La transmission du savoir regroupe l’ensemble des processus et des pratiques permettant de capitaliser, formaliser et diffuser les connaissances et compétences détenues par les collaborateurs d’une organisation. Elle s’articule autour de plusieurs dimensions :
- Le savoir théorique : les principes fondamentaux, normes et réglementations spécifiques au secteur industriel.
- Le savoir-faire : l’ensemble des compétences techniques et pratiques nécessaires pour exécuter des tâches spécifiques.
- Le savoir organisationnel : les méthodes de travail, les processus internes et les bonnes pratiques.
Une transmission efficace des connaissances permet de limiter la perte d’expertise, de réduire les erreurs et d’améliorer la réactivité des équipes face aux défis opérationnels.

Les défis de la transmission du savoir en industrie
1. Le vieillissement des effectifs et la perte d’expertise
L’industrie est confrontée à un vieillissement de sa main-d’œuvre, avec un nombre croissant d’experts partant à la retraite. En effet, il s’agit d’un des secteurs le plus durement touchés par le vieillissement de la population, comme l’indique une étude de la Dreets de Bourgogne France-Comté.
Les 50-65 ans représentent plus de 25% de la population active En France,et 301 000 experts partent à la retraite chaque année selon une autre étude, de la Dress. Enfin, il est également à noter que selon une étude publiée dans la Revue Economique, Gestion et Société (REGS), 80% du savoir-faire en entreprise reste tacite ! Sans une stratégie adaptée, cela entraîne de facto une perte de connaissances précieuses qui peut impacter la productivité et la qualité des opérations.
2. La complexité et la diversité des savoirs
Les environnements industriels sont caractérisés par des processus complexes, des réglementations strictes et une diversité d’équipements et de technologies. La transmission du savoir nécessite une structuration rigoureuse et une adaptation aux différents niveaux de compétences des collaborateurs.
D’autant plus quand on sait que les formations professionnelles existantes ne couvrent qu’à peine 50% des besoins en recrutement de certaines métiers jusqu’en 2030 !
3. Le turnover et la pénurie de main-d’œuvre qualifiée
Le secteur industriel peine à recruter et à fidéliser des talents. En effet, 67% des entreprises industrielles françaises ont du mal à recruter comme l’explique cette étude. Une mauvaise gestion de la transmission des savoirs peut ralentir l’intégration des nouveaux employés et nuire à la performance globale de l’entreprise.

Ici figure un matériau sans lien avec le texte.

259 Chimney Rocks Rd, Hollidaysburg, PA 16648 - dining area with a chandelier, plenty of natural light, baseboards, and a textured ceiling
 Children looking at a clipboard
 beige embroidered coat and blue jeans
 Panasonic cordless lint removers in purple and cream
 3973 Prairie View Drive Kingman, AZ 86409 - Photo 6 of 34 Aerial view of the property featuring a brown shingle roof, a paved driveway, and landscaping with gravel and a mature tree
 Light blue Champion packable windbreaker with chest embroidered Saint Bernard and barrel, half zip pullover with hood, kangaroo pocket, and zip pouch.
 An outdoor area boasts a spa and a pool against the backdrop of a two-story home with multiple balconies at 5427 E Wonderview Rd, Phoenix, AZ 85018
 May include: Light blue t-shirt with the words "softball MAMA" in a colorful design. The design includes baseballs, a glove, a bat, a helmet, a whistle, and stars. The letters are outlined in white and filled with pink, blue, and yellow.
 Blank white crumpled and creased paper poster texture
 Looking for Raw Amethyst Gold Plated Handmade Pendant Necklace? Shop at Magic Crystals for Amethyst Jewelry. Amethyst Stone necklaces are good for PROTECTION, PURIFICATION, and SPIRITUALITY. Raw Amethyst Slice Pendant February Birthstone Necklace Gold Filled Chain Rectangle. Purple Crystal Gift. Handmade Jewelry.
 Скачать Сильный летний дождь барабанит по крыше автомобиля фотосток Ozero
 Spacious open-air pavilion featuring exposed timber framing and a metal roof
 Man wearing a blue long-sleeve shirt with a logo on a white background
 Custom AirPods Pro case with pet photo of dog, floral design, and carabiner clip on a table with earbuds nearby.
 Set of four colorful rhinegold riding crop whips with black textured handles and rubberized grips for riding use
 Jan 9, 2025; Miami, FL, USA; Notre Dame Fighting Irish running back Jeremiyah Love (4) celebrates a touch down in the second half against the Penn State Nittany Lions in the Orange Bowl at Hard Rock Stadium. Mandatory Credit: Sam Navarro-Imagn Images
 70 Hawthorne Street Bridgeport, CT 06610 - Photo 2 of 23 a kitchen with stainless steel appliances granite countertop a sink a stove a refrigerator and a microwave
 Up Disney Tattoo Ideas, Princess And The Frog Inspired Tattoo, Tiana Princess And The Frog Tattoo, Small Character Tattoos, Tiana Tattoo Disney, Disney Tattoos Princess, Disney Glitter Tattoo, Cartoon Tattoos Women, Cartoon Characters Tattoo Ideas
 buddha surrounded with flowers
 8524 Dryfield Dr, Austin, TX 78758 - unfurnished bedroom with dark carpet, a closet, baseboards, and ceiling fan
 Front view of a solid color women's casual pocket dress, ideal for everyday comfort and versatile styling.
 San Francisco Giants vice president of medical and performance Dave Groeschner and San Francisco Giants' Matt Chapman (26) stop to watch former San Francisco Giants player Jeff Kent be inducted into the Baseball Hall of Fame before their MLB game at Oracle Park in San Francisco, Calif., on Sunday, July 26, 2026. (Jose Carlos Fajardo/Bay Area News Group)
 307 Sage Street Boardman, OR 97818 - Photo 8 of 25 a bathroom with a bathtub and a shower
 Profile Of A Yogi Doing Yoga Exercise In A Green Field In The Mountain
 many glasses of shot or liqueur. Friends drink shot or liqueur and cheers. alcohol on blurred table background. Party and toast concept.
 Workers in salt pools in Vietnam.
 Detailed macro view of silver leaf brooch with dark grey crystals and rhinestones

Une étude de 2024, nommée The Future of Work et réalisée par Monster, l’industre apparaît comme l’un des secteurs où il est le plus difficile de recruter. près de 10% des offres d’emplois en France émanent de l’industrie. Les principales problématiques résident dans le fait de trouver des profils qualifiés, notamment en ingénierie, en production et en maintenance.
Ajouter à cela un turnover d’environ 15% et vous faites face à une réelle problématique de filière !
4. L’évolution rapide des technologies
Avec l’essor de l’Industrie 4.0, les outils et méthodes de production évoluent rapidement. Les entreprises doivent s’assurer que leurs collaborateurs restent à jour et capables d’exploiter efficacement les nouvelles technologies.
Il faut dire que sur la dernière décennie, le progrès technologique tend à s’accélérer avec l’IA, la réalité augmentée, la réalité virtuelle, les jumeaux numériques et l’IoT.

Stratégies et méthodes classiques pour bien transmettre les savoirs
Pour garantir une transmission efficace des connaissances, plusieurs approches peuvent être mises en place :
1. La documentation et la standardisation des processus
- Créer des guides, manuels, templates et autres procédures opérationnelles pour structurer les savoirs. Ces outils facilitent l’explicitation et la formalisation des savoirs en guidant les experts.
- Utiliser des bases de connaissances centralisées accessibles à tous les collaborateurs. Une connaissance n’est utile que si elle est partagée et accessible.
- Mettre en place un système de gestion documentaire (DMS) pour organiser et mettre à jour les informations.
S’il y a bien une entreprise qui fasse figure d’exemple absolu dans ce domaine, c’est Toyota. Non-contente d’avoir théorisé et mis en pratique le toyotisme et la production à flux tendus, la firme japonaise est également un modèle du genre pour ce qui est de la transmission du savoir !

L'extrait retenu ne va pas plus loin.